The display at the museum is brilliant: each project is shown on a small stage reminiscent of the temporary structures used for trade fairs with the name of the work emblazoned on a circular panel above it—as befits the prettiest booth at any communications trade show. It fits the works like a glove, especially with “All You Need is Data” (2013): a series of canvases enumerating the schedule of the 12th edition of the DLD (Digital Life Design) conference in Munich, which, according to its website, is “a global network on innovation, digitization, science and culture which connects business, creative and social leaders, opinion-formers and influencers for crossover conversation and inspiration.” The canvases are accounts of all the panels in the talks reduced to platitudes such as “we are hard-wired to share” (from Airbnb CEO Brian Chesky’s talk) and “we could throw an asset on there and the next day be really profitable” (tumblr’s David Karp). Taken out of context, these statements sound grandiose and somewhat ridiculous. That is one strategy to deal with the repetitive, intentionally vague language that surrounds the tech industry (think “crossover conversation and inspiration,” above)—but it is not one that performs the work of actually deconstructing this language in order to examine why it is employed.
The function of this rhetoric is clearly one of Denny’s interests. In “New Management” (2014), he looks at the business philosophy of Samsung’s Chairman Lee Kun-hee, as iterated in what is known at Samsung as the “Frankfurt Declaration”: a three-day event for company executives hosted in a hotel by the international airport in Frankfurt. Plastered with platitudes such as “change begins with me,” Denny recreates the hotel conference room (complete with a reproduction of a Canaletto painting of Venice, the kind one finds in many hotels today, inscribed with the words New Management). Once again, the recreation of the setting means drawing attention to things but never saying anything about them. What does “change everything but your spouse and your kids” (another Kun-hee gem) really mean in terms of human relations or the way a business conceives of its role in the world? The language around terms like “disruption” in the tech industry is, for example, extremely gendered—no mention of this in the show. The rhetoric around this field needs to be played with, altered and questioned in order to really examine the structure of dominance Denny seems so interested in: What makes TED talks popular? What are the top ten startups in Berlin?
Considering the murky economical structures of both these industries—art and tech—Denny’s methodology of appropriation just doesn’t cut it. While visually, the work hints at criticality—in its low-fi aesthetic (which reads, “I’m not exactly part of this high-production-value stuff), in the interest in the progression of technology (for example, the presentation of different generations of Samsung cell phones as part of “New Management”), and the installation in the museum space, which makes a gesture toward transparency by recreating the environment of a trade fair and by exposing the bones of the structure—all of these tender, tacit signals of criticism do not amount to a statement. The work does not speak to vocabulary and how it is used to cover up the financial structures that technology enables and support (the most obvious example being the language of “democracy” and “openness” on the internet, which blankets a growingly corporate web based on free labor and murky copyright). Nor does Denny comment on the actual material of technology: the look of technology, from branding to physical matter, is constantly present, but the effects thereof—social and environmental concerns from the aforementioned gender imbalance, issues of labor both online and in the disenfranchisement of the “sharing economy,” and through copyright concerns, coltan mining, and energy drain—are never present.
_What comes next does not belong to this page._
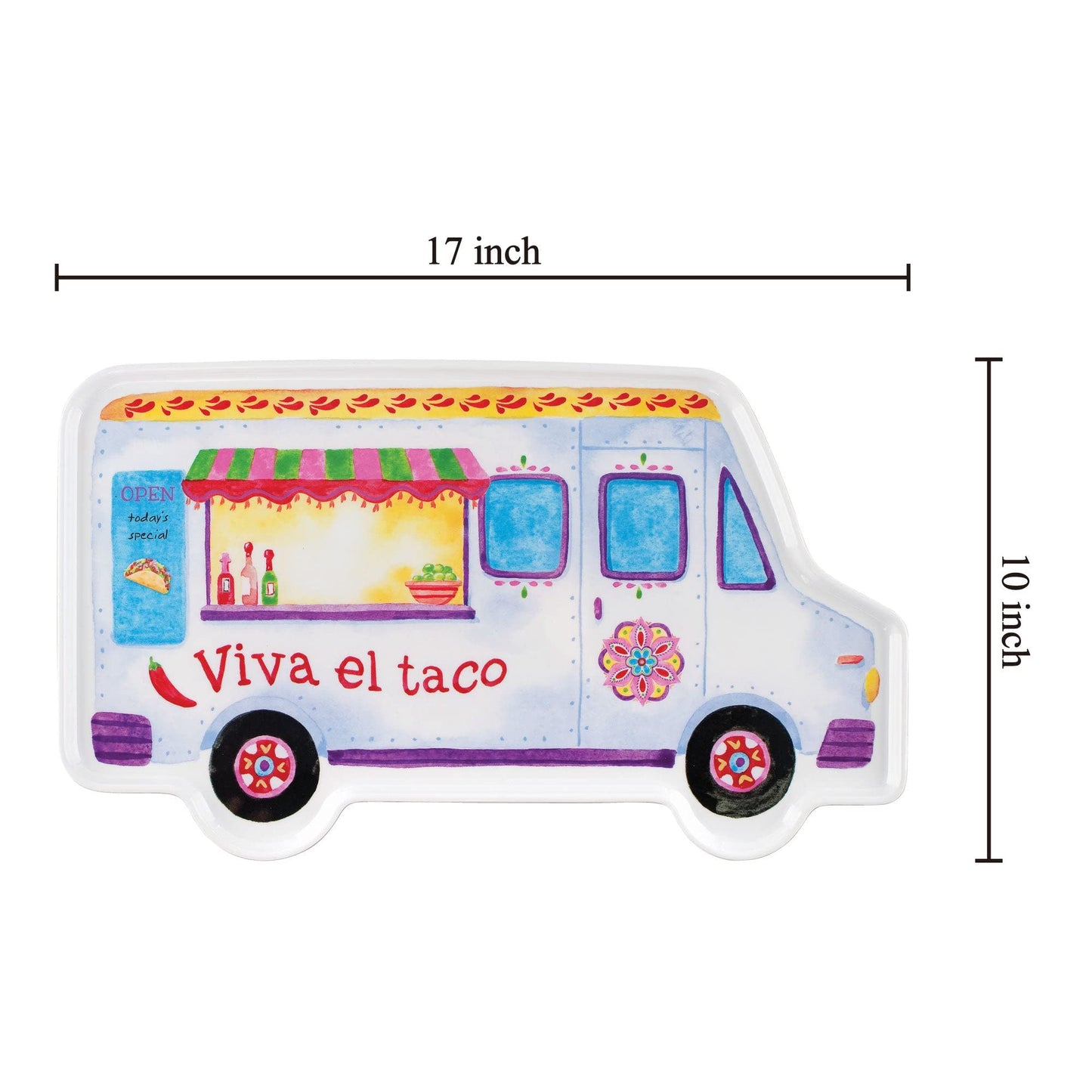 UP Taco Truck Shaped Melamine Serving Platter, Cinco de Mayo Party Tray, Fun Food Truck Design, for Tacos, Nachos, Appetizers, and Snacks, Multicolor, 17 x 10 Inch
Denny is getting a lot of attention these days—he is also representing his native New Zealand in the Venice Biennial—because of the topicality of his work. A lot of artists are talking about technology and the culture around it, but few have dedicated their practice to it to the extent Denny has. And for good reason. The problem is that this subject is too urgent, too important, for work that relies on appropriation to highlight the idiosyncrasies of the tech industries rather than actually say something about it. Implicit criticism just isn’t enough.